Design Argument Flashcards
Who said ‘With such signs of forethought in the design of living creatures, can you doubt that they are the work of choice or design?’
Socrates
The design argument is also called
The teleological argument
The basic argument for design goes something like
- The universe has order, regularity and a sense of purpose to it.
- The complexity of the universe shows evidence for design.
- Such design could only have been designed by a designer.
- The designer of the universe is God.
What is Design Qua Regularity?
The order and regularity that is evident in the universe is evidence for a designer.
Example of order and regularity in the universe.
A formal garden shows evidence of a designer because of lack of order (weeds) and regularity (arrangement of flowers). It came about through the work of a gardener, not by chance.
What is Thomas Aquinas’s fifth way?
He stated that everything is directed towards an end and as inanimate objects have no rational powers then they must be directed to this purpose by some external power.
What does Aquinas argue from in his fifth way?
Design qua regularity.
Why didn’t Aquinas believe the existence of God is self evident?
Because no human being could hear, touch, feel, smell or taste God. Our natural senses did not help us discover God.
Which two things in nature, taken together, does Aquinas think imply design?
The first is order (‘things act always, or nearly always, in the same way’).
The second is that the order in nature seems to be beneficial.
What is Design qua purpose?
This aspect of the design argument looks at design in relation to the ways in which the parts of the universe appear to fit together for some greater purpose.
What part of design does Paley argue in his watch analogy?
Design qua purpose.
What was Paley’s analogy about the watch?

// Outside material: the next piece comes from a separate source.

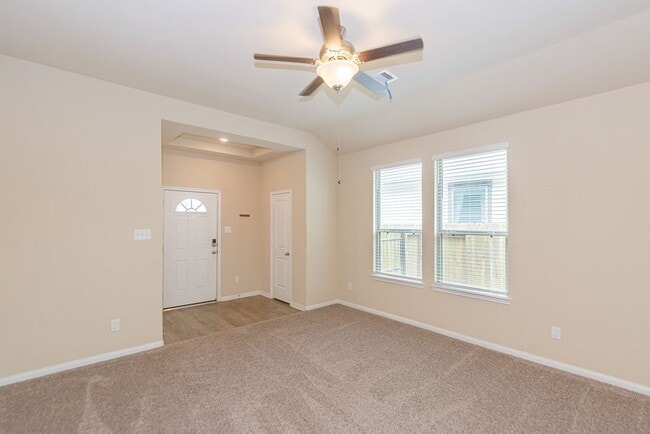 Building Photo - 14657 E Pine Heart Dr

That someone would know a pocket watch had been designed by a watch maker or designer, just from looking at the watch.
The universe is even more complex and there is even more order in the universe than a watch so there’s even more chance of a designer.
What was Paley’s analogy about the eye?
It is designed for the purpose of seeing, the various parts function in complex ways to produce sight.
What does Paley’s second argument argue from design?
Design qua regularity.
What was Paley’s second argument?
He used evidence from astronomy and Newton’s laws to say that the planets obeying th same universal laws couldn’t have happened by chance and an external agent must have imposed order.
Slight irregularities would have resulted in chaos.
What did Arthur Brown argue?
The ozone layer’s purpose, to filter out ultra-violet rays to protect life, couldn’t have happened by chance. ‘A wall which prevents death to every living thing’.
What does David Hume say the universe could have been designed by, rather than the classical theistic God?
- Several lesser gods.
- An apprentice god who has moved on to create better worlds.
- An evil god.
How did Hume criticise the design argument? (quote)
‘The world is very faulty and imperfect, compared to a superior standard’
Hume’s challenges to design.
- Human’s don’t have enough knowledge of creation to know there’s only one designer.
- It’s not a good analogy to compare the universe to a vast machine - the universe is something that grows of its own accord not made by hand and suggests many gods.
- Creation can’t be discussed in human terms because God transcends human understanding
Hume’s challenges from design.
- Even if the world was designed it can’t be proven the designer is God.
- If the world is ordered it could be because of chance - Epicurean analysis
What is the Epicurean analysis?
- The initial state of the universe was chaotic but gradually formed an ordered system.
- The universe is eternal so in unlimited time it was inevitable that order would develop.
John Mill’s challenge to the design argument
- Argued that the Design Argument points to God not existing.
- Evil and suffering do not point to an all-loving, powerful, knowing God.
- At least one of the attributes must be missing so it goes against the theistic God.
‘But pain insists upon being attended to. God whispers to us in our pleasures, speaks in our conscience, but shouts in our pains: it is His megaphone to rouse our deaf world’
C.S. Lewis’ response to John Mill’s challenge.